I also ran this race as part of the Phedippidations World Wide Half Marathon. I was bib #1083. This is only the second year of this world-wide race and I am pleased to say that it attracted almost well over a thousand runners. Not bad for a race directed from online and run on a thousand different courses all over the world. Unfortunately, I didn't feel like I deserved to use the one perk of that race: the Phedippidations podcast called "shouts of encouragement", meant to be listened to during the race. Encouragement or not, I would not have been able to up my pace. So I didn't listen. I will probably never listen to that episode - I am too bitter. Still, I DID print my finisher's certificate:
For the World Wide Half, I finished third from last, as far as I can tell so far. (There's still a week left of people posting their finishing times.)

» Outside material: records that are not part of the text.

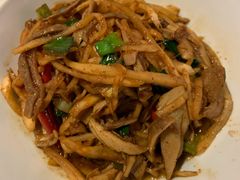 酸萝卜炒肚丝-壹盏灯(惠农店)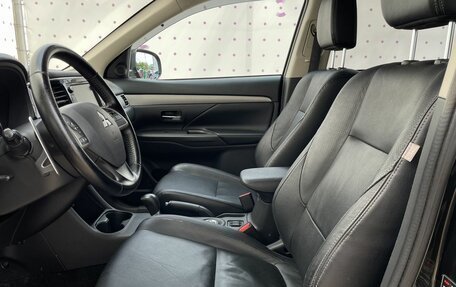 Mitsubishi Outlander III рестайлинг 3, 2012 год, 1 380 000 рублей, 11 фотография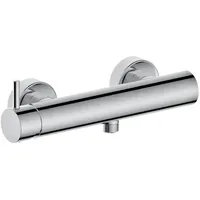 Herzbach Siro Brausearmatur Aufputz Chrom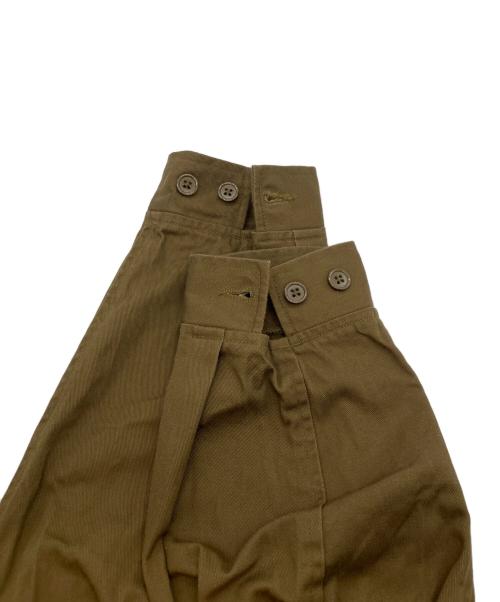 TENBOX（テンボックス）TENBOX (テンボックス) Scorpion Harrinton Jacket ブラウン サイズ:XLの古着・服飾アイテム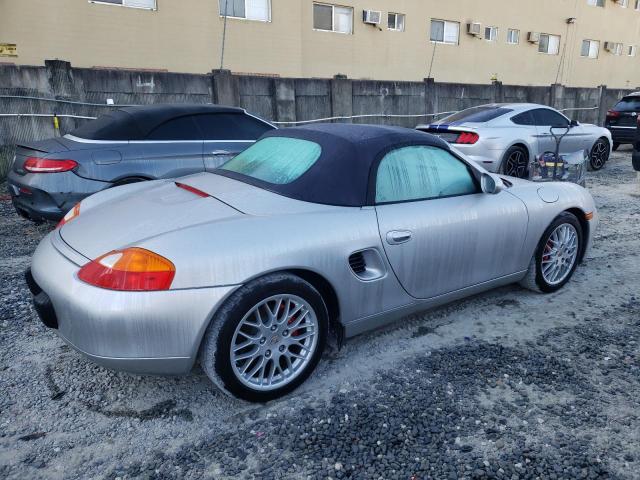 Photo 3 from auction – 2000 PORSCHE BOXSTER S with VIN WP0CB2987YU664926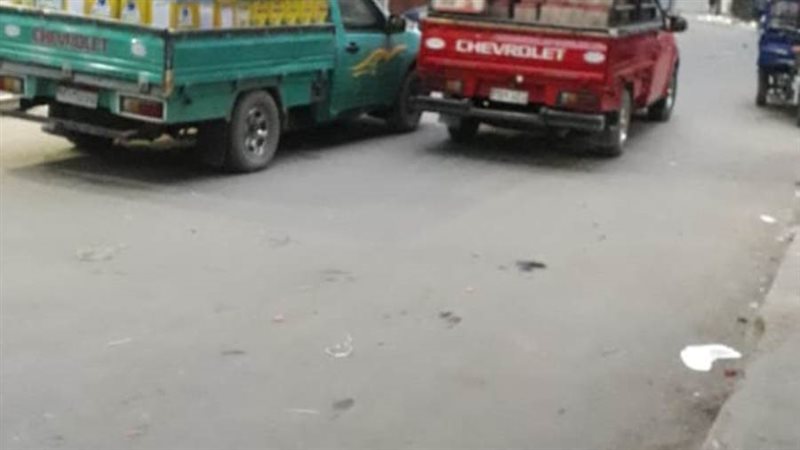 جانب من المضبوطات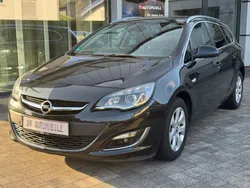 Karbonschw graphitschw midnigh Gebraucht 2015 Opel Astra Exklusiv Kombi | 6.490 € (Guter Preis)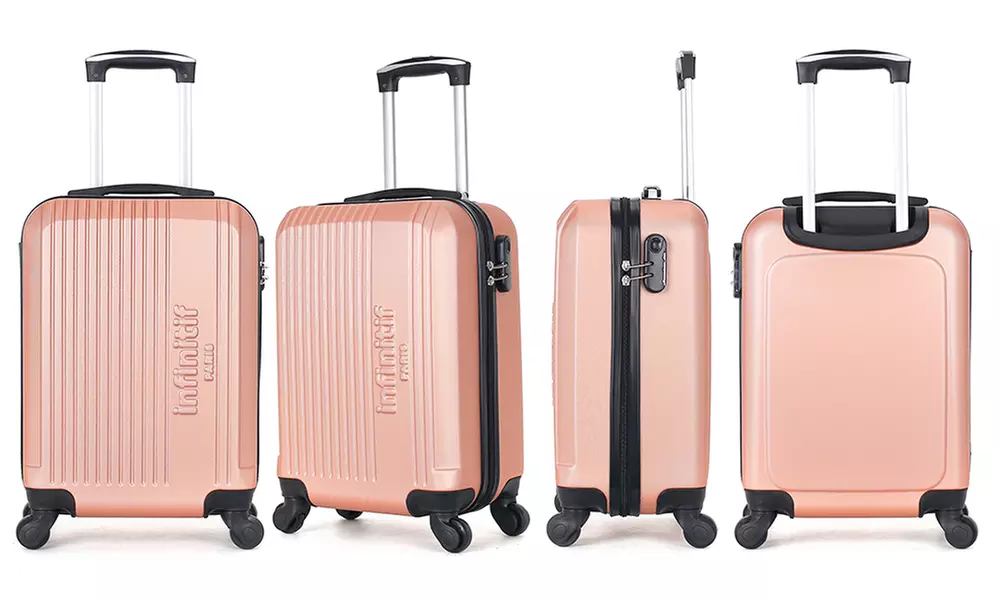 Valise cabine rigide Loubny-E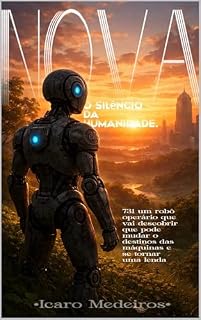 Livro NOVA: O silêncio da humanidade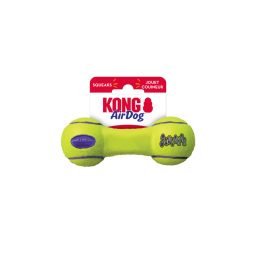 KONG Airdog Dumbbell Squeaker S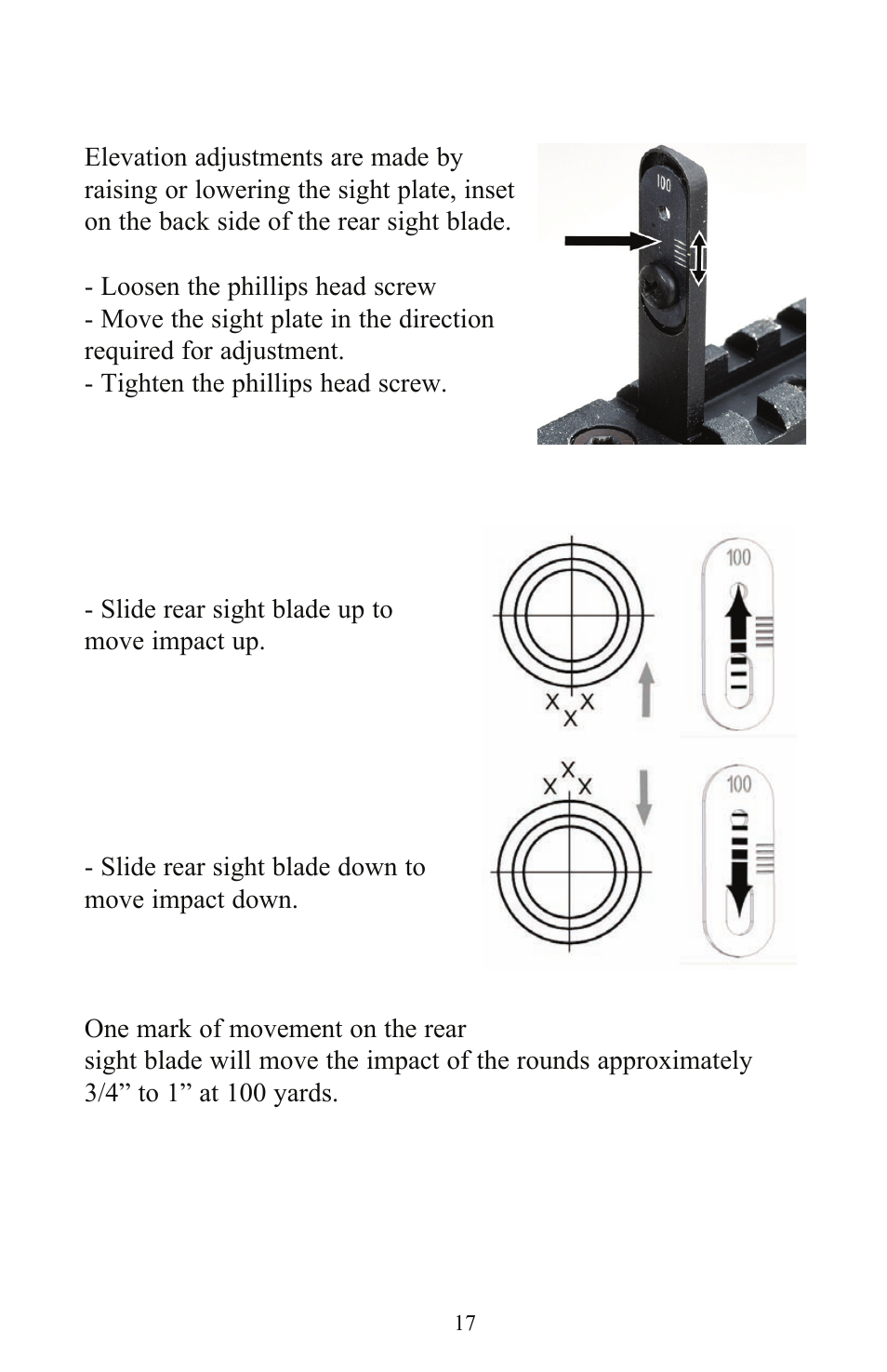 SIG SAUER P556 User Manual | Page 17 / 60
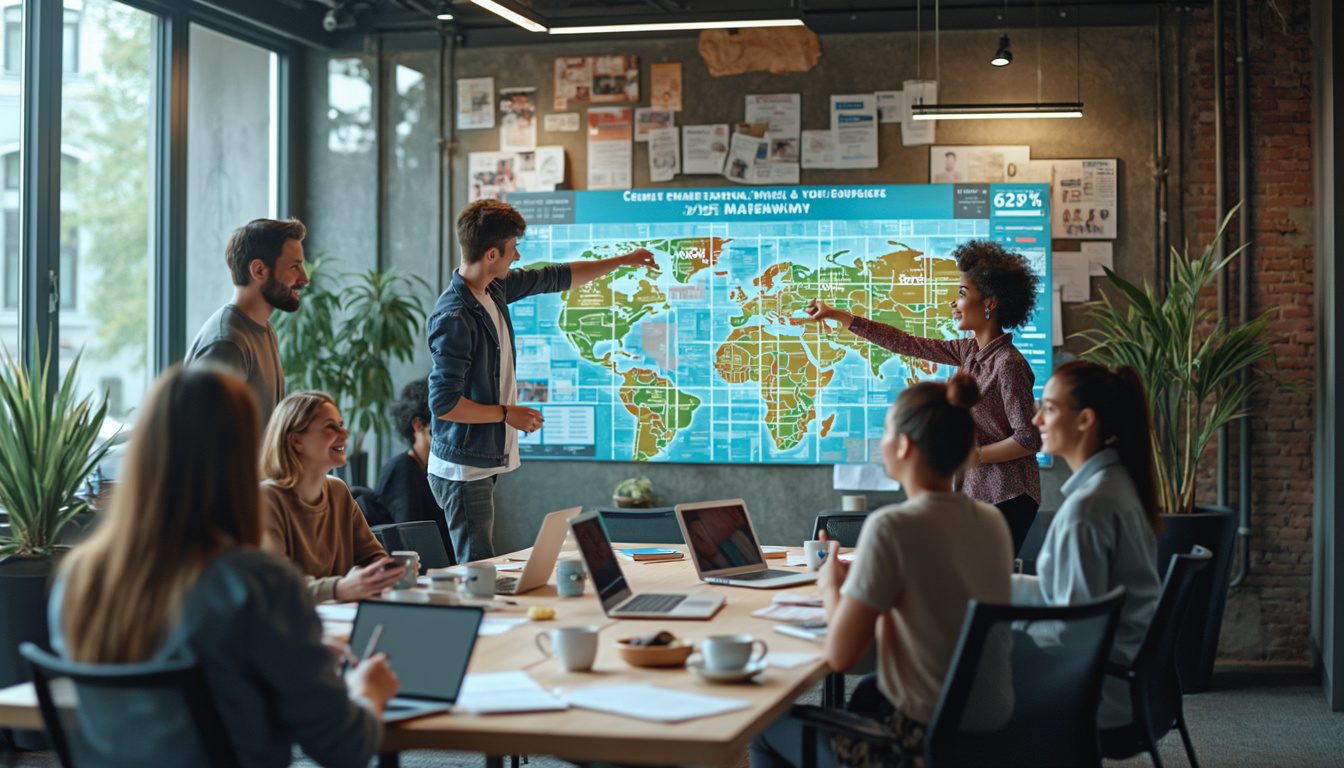 découvrez comment la cartographie des carrières peut transformer votre organisation en favorisant un personnel plus engagé. optimisez le développement professionnel et stimulez la motivation de vos employés grâce à des parcours clairs et inspirants.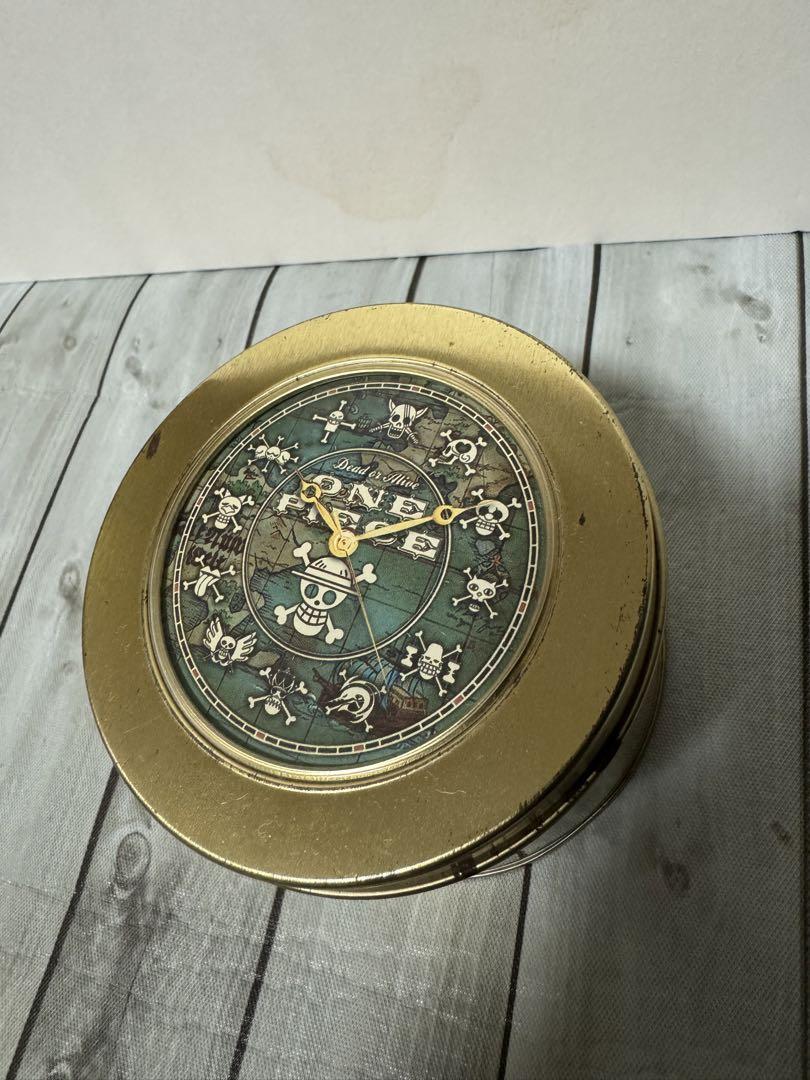 ONE PIECE Pocket Watch Pirate Design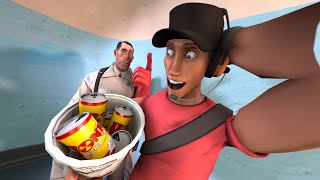 SFM Bucket of BONK [upl. by Louisa423]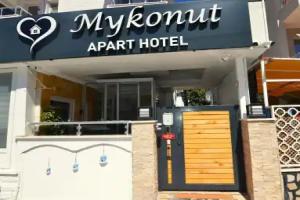 Mykonut Apart Hotel, Fethiye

But here's the thing: Somehow, somewhere in all this, though I felt terribly alone out on that course, I know I wasn't. There are other runners with asthma, other runners with bad days, other runners w/ CF. In fact, I did see one other runner with a Team Boomer shirt! He didn't glance up from the road when I shouted "Go Team Boomer!" but he waved. I wish he'd looked: I was wearing my TB jersey. It would have been a nice moment of connection. He looked like a father of a cystic...
And, as if to make me wonder if someone didn't peer into the future and read these very words, I just downloaded the "virtual goody bag" of the World Wide Half, which had in it only a single brochure: for a 5K in Cincinnati to benefit the Cystic Fibrosis Foundation. Spooky.
I don't know where to go from here, except to the doctor's office. I'd like to keep training UP - I wouldn't mind tackling the Houston marathon - I really enjoyed their half marathon. With better lungs supporting my legs...who knows?? But for the present, I go to bed bitterly disappointed and will try to put this race behind me.